▸ **PROBLEM DETAILS**
Retype all entries exactly as they stand, excluding pictures.

##### SOURCE MATERIAL #####

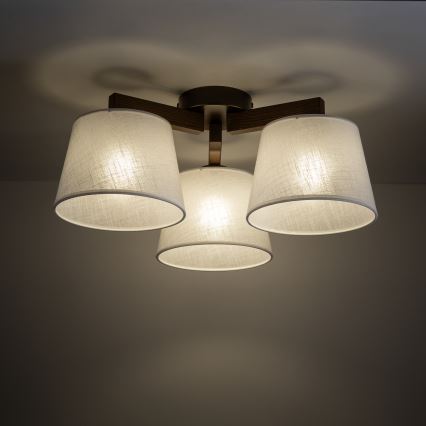 Brilagi - Flush-mount chandelier LATTE 3xE27/60W/230V Pine/Beige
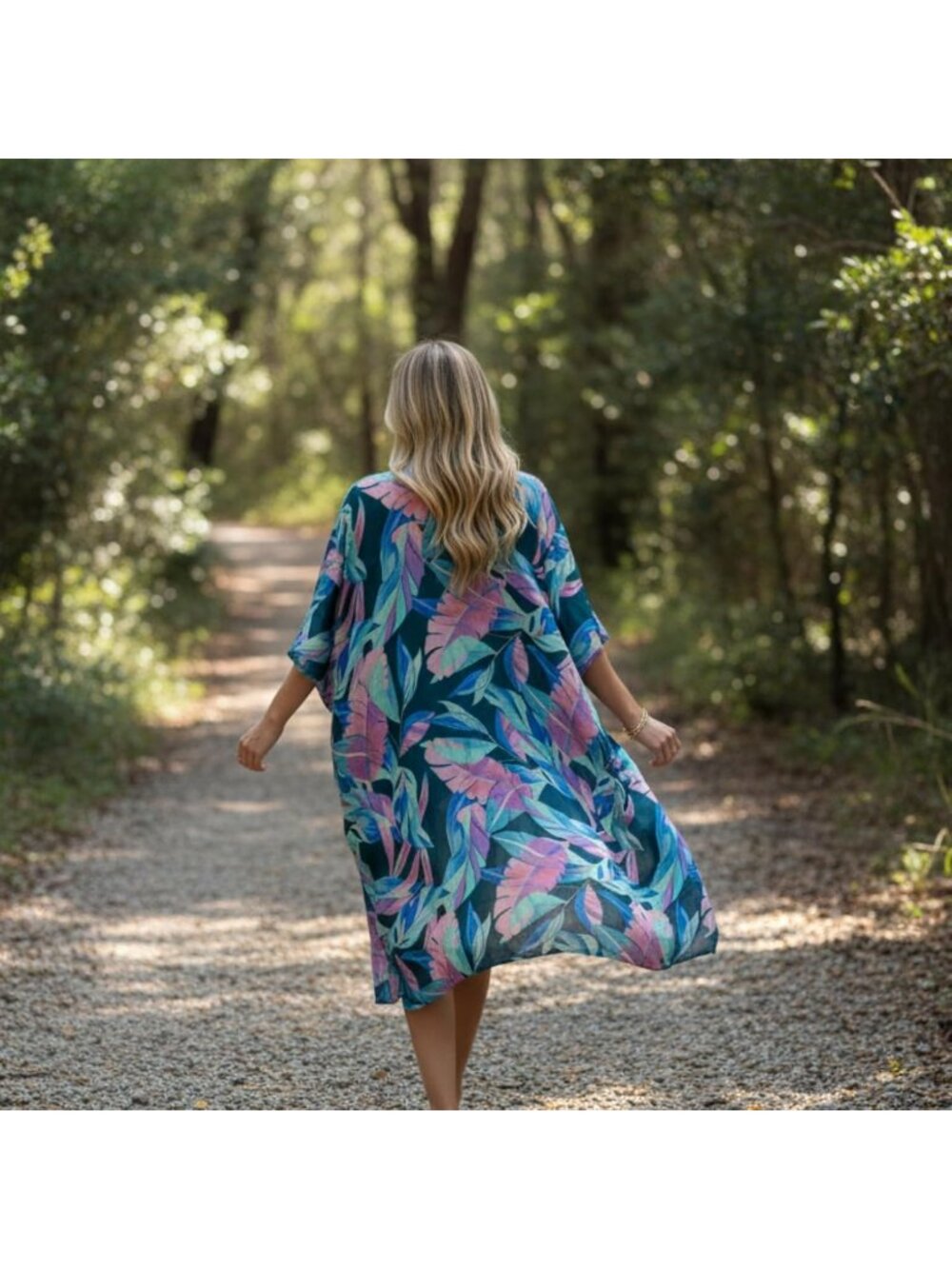Women Rz Leaf's Journey Viscose Summer Lightweight Boho Kimono Cardigan Cover up - Picture 5 of 6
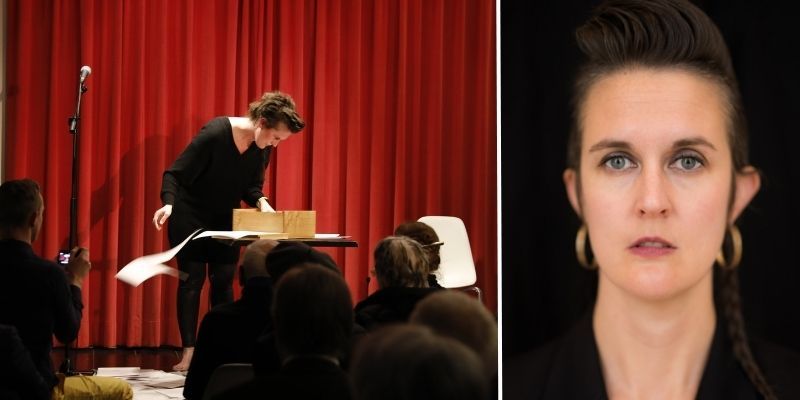 Kimberly Campanello performs poetry to an audience with a red backdrop (left) and looks at the camera for a portrait shot (right).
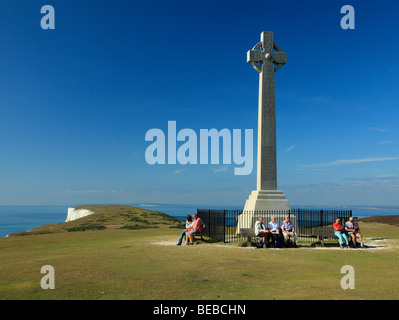 Monumento di Tennyson, Tennyson Down, Isola di Wight, Inghilterra, Regno Unito. Foto Stock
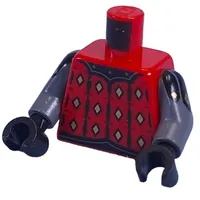 Torso, Black/Gold Armor print, Dark Bluish Gray Arms, Black Hands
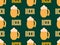 Beer mug seamless pattern. Glass of foamy light beer and text on a dark green background. Alcohol party. Design for prints,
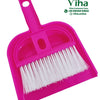 All purpose cleaning brush set, a pink dustpan and brush set with white bristles and a hanging hole in the handle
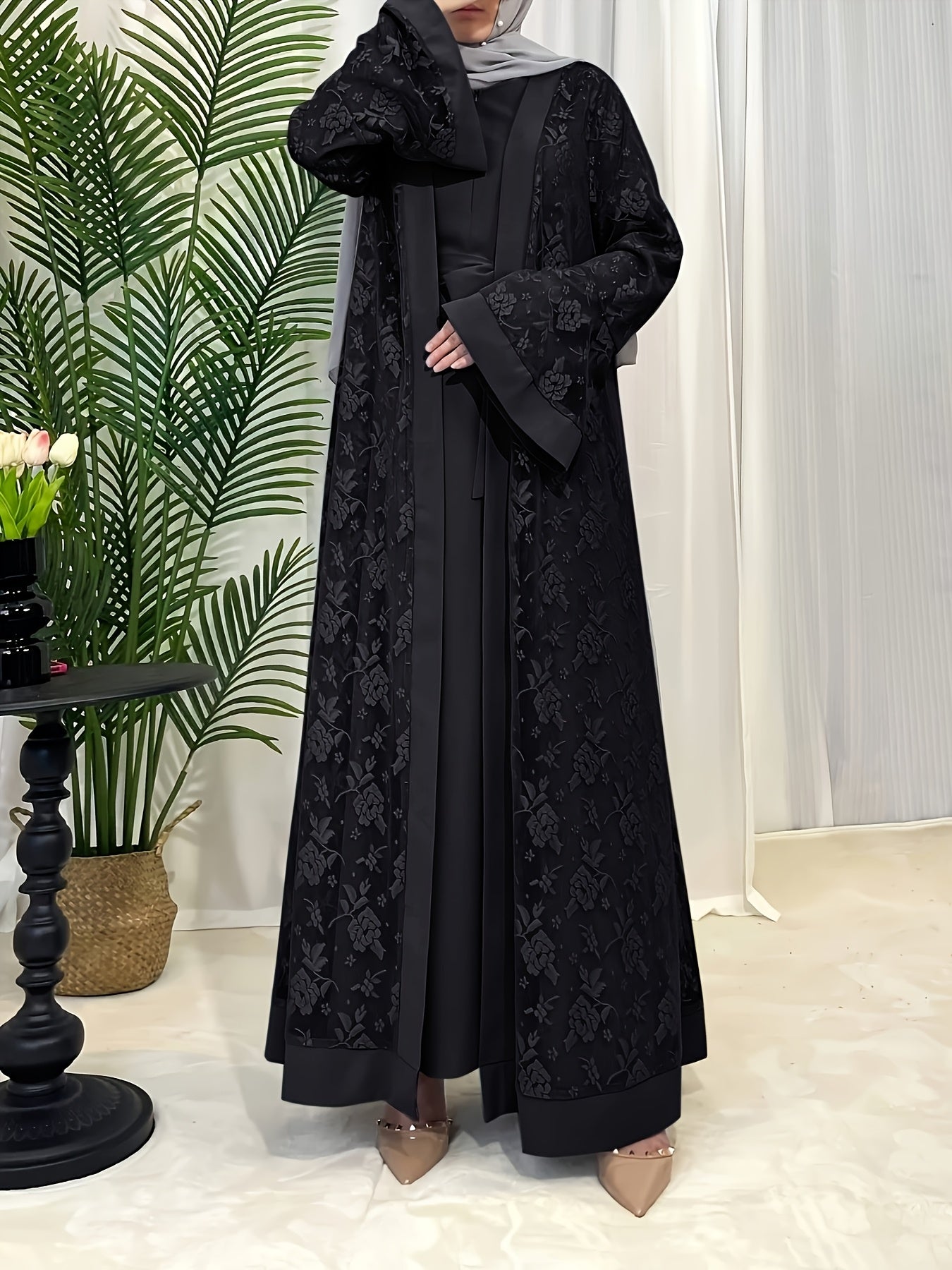 Elegant Black Lace Abaya with Contrast Lace Trim - Long Sleeve, Floor-Length, Belted, All-Season Wear, Traditional Middle Eastern Attire for Women, Cultural Attire|Elegant Abaya|Lace Trim Abaya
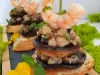 Bruschetta with Stuffed Mushrooms and Shrimp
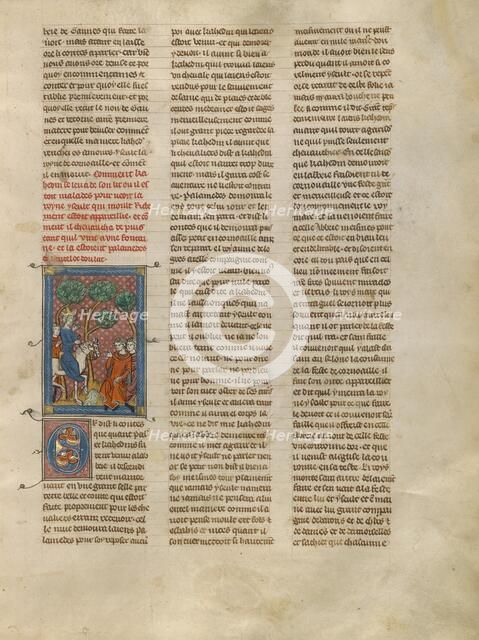 Kahedin and Iseult Meeting Palamedes and Lancelot by a Spring, about 1320-1340. Creator: Unknown.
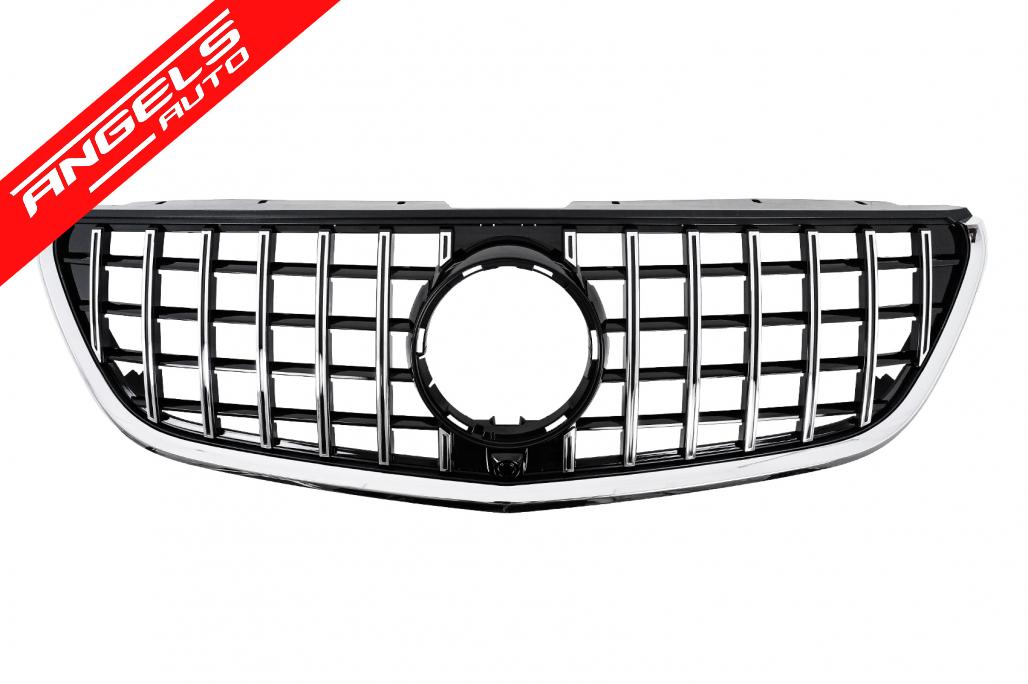 Grila Centrala compatibila cu Mercedes Vito W447 (2020-up) GTR Panamericana Look Negru-Crom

#####

▸ **OUTPUT FOR THIS TASK**
 Brilagi - Flush-mount chandelier LATTE 3xE27/60W/230V Pine/Beige
Women Rz Leaf's Journey Viscose Summer Lightweight Boho Kimono Cardigan Cover up - Picture 5 of 6
 Kimberly Campanello performs poetry to an audience with a red backdrop (left) and looks at the camera for a portrait shot (right).
 Monumento di Tennyson, Tennyson Down, Isola di Wight, Inghilterra, Regno Unito. Foto Stock
 Torso, Black/Gold Armor print, Dark Bluish Gray Arms, Black Hands
 Beer mug seamless pattern. Glass of foamy light beer and text on a dark green background. Alcohol party. Design for prints,
 All purpose cleaning brush set, a pink dustpan and brush set with white bristles and a hanging hole in the handle
 Elegant Black Lace Abaya with Contrast Lace Trim - Long Sleeve, Floor-Length, Belted, All-Season Wear, Traditional Middle Eastern Attire for Women, Cultural Attire|Elegant Abaya|Lace Trim Abaya
 Bruschetta with Stuffed Mushrooms and Shrimp
 Kahedin and Iseult Meeting Palamedes and Lancelot by a Spring, about 1320-1340. Creator: Unknown.
 Grila Centrala compatibila cu Mercedes Vito W447 (2020-up) GTR Panamericana Look Negru-Crom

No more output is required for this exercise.